In this book, you create an alternative reality where the United States lost World War II and was invaded by the Nazis. Tesla invented the atomic bomb, not Oppenheimer. Native Americans are granted their own continent on the fabled lost continent of Mu. Hawking invents a machine that allows us to forget about our pasts. Describe the process of the "Great Forgetting."
I was inspired to write The Great Forgetting the moment I learned of this notion called "phantom time." It's this theory that our current calendar is inaccurate and that world leaders in the past purposefully altered the historic record to further their own agendas. Pope Sylvester II is believed to have skipped over a hundred years in the official calendar so that he could be Pope during the turn of first millennium, in 1000 A.D. The question is, has it happened since? Has it happened recently?

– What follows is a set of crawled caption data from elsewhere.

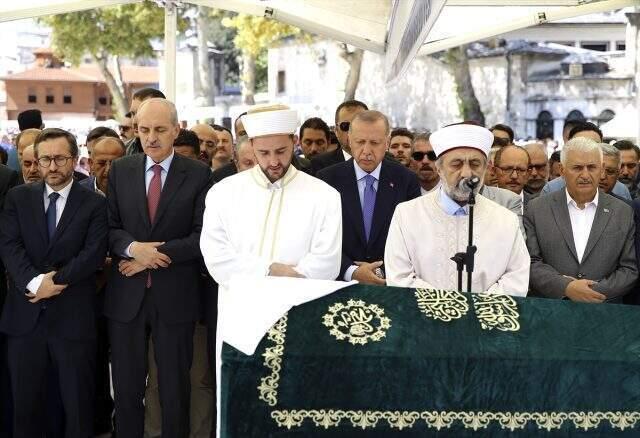 Şule Yüksel Şenler son yolculuğuna uğurlandı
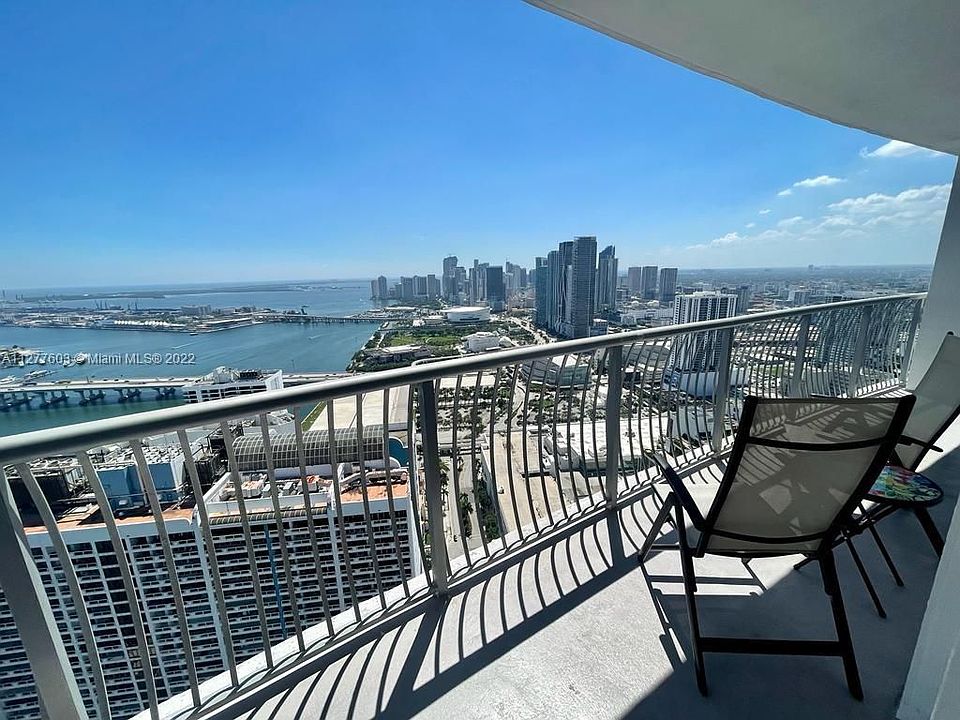 1st image of 1750 N Bayshore Dr APT 5504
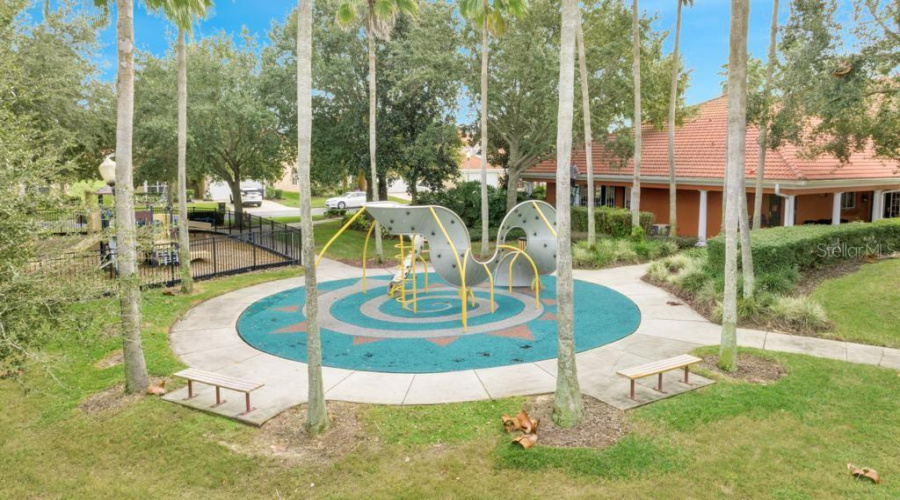 DAVENPORT, Florida 33897, 7 Bedrooms Bedrooms, ,4 BathroomsBathrooms,Residential,For Sale,CORDOVA,0,MFRO6378732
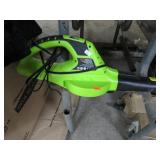 CORDLESS LEAF BLOWER -- NO BATTERY
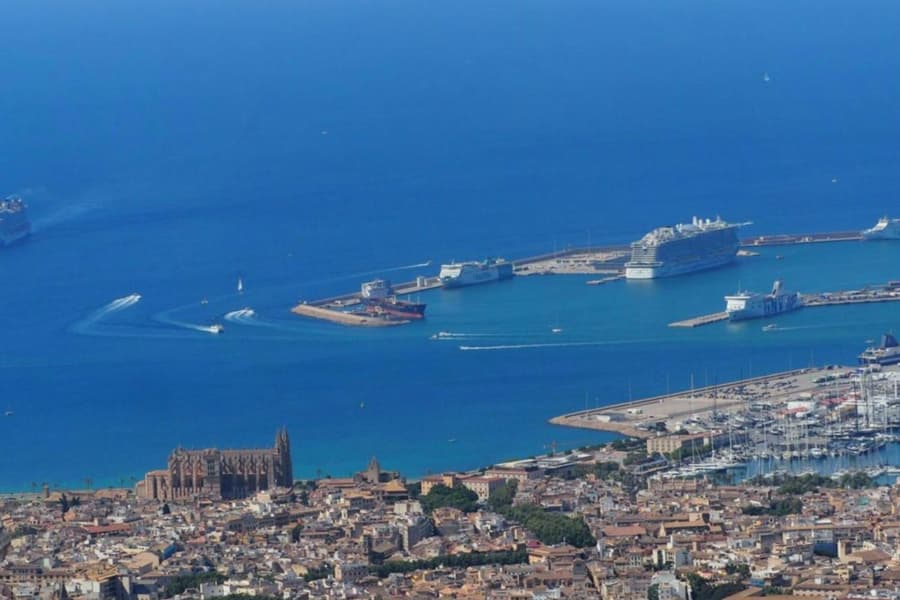 Palma: Helicopter Tour, at Mallorca Helicopter Flights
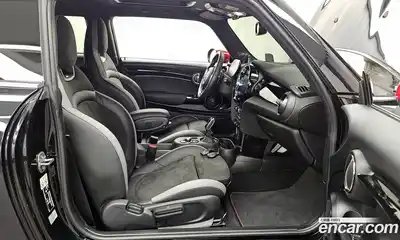 Mini Cooper 2023 2.0 гидро в Москве № 214294, миниатюра 11
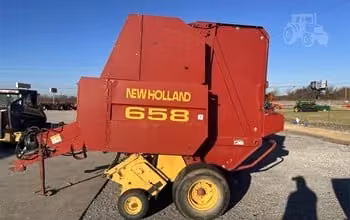 New Holland 658
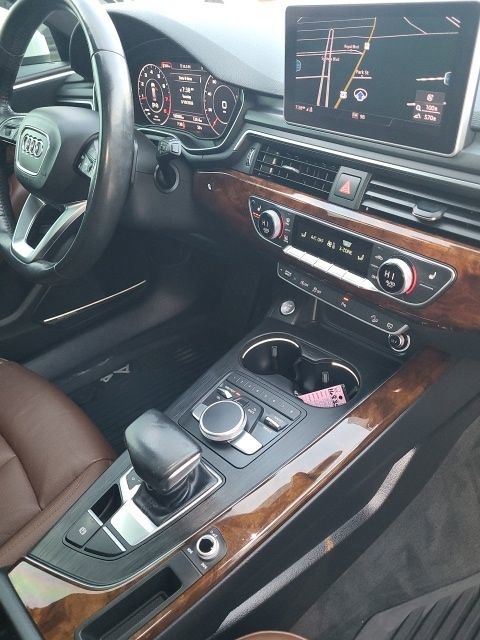 Used 2017 Audi A4 2.0T allroad Premium Plus w/ Technology Package image 10
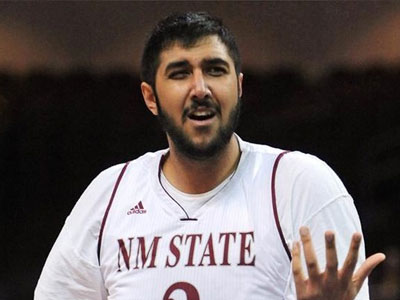 Ο «γίγαντας» Σιμ Μπουλάρ ο πρώτος Ινδός παίχτης του NBA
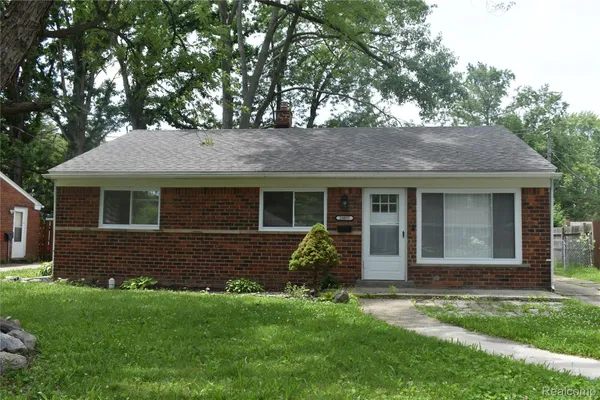 $199,000 | 28095 Selkirk Street, Southfield, MI 48076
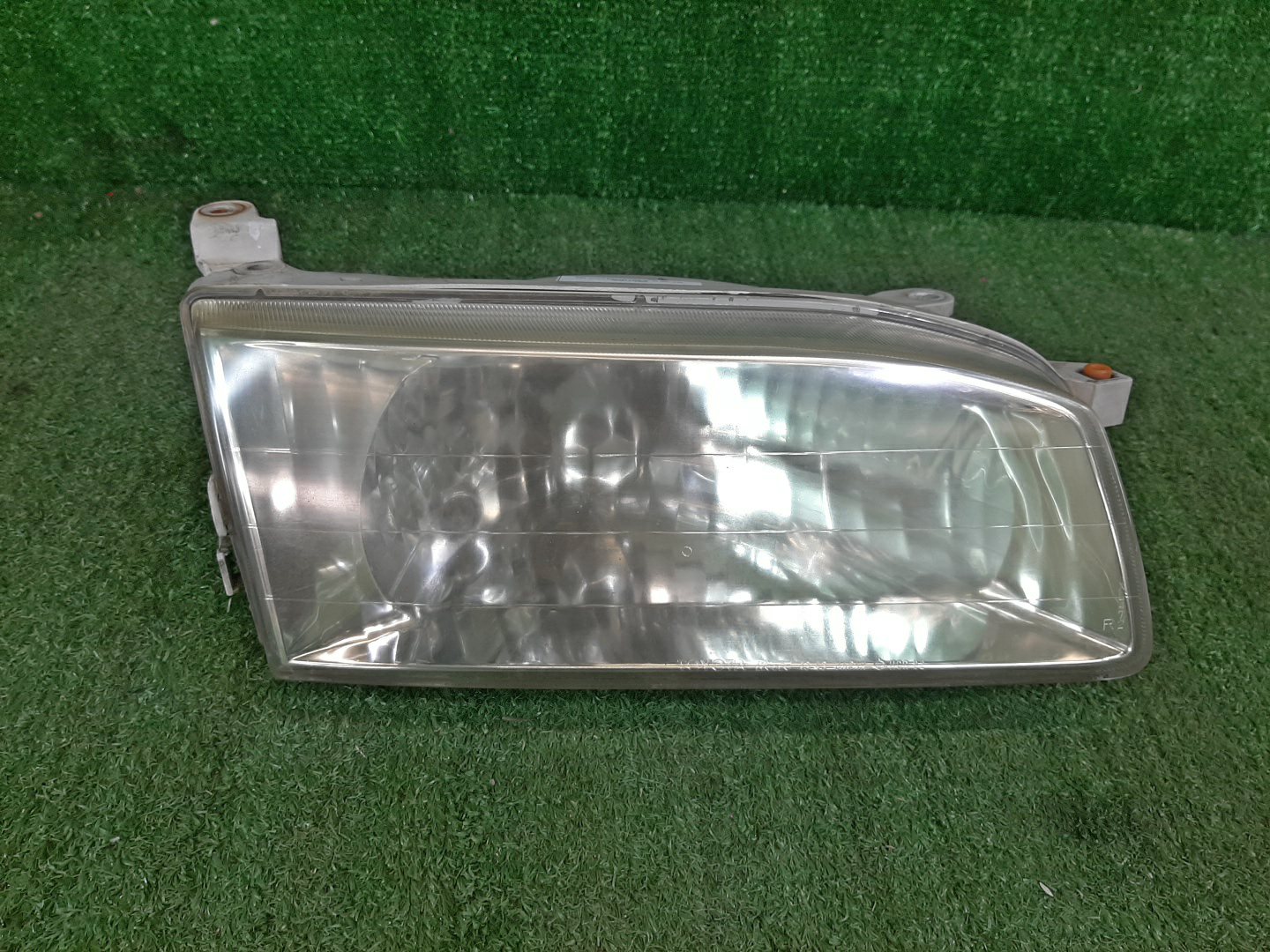 Фара правая передняя TOYOTA SPRINTER CARIB AE111G, AE114G, AE115G 1 ракурс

What are the lost cities of Cahokia, Missouri, and Miakoda, Wyoming?
Cahokia and Miakoda were great cities built by Native Americans that were wiped from the maps--and our memories--when white settlers overwhelmed this land. In my novel, these cities existed well into the 20th century and were destroyed during World War II by the Nazi Wehrmacht. Wouldn't it be nice to visit them again? What secrets were destroyed along with their buildings?
The Great Forgetting is a conspiracy goldmine: UFOs, Area 51, Mengele's experiments, 9/11, fluoride, HAARP, Clementine, Deepwater Horizon, Malaysian Airlines Flight 370, underground bases, lost continents, secret islands in the Pacific--you've got them all. Did you start with one large picture where you wanted to connect the dots or did one topic lead to the next, and so on?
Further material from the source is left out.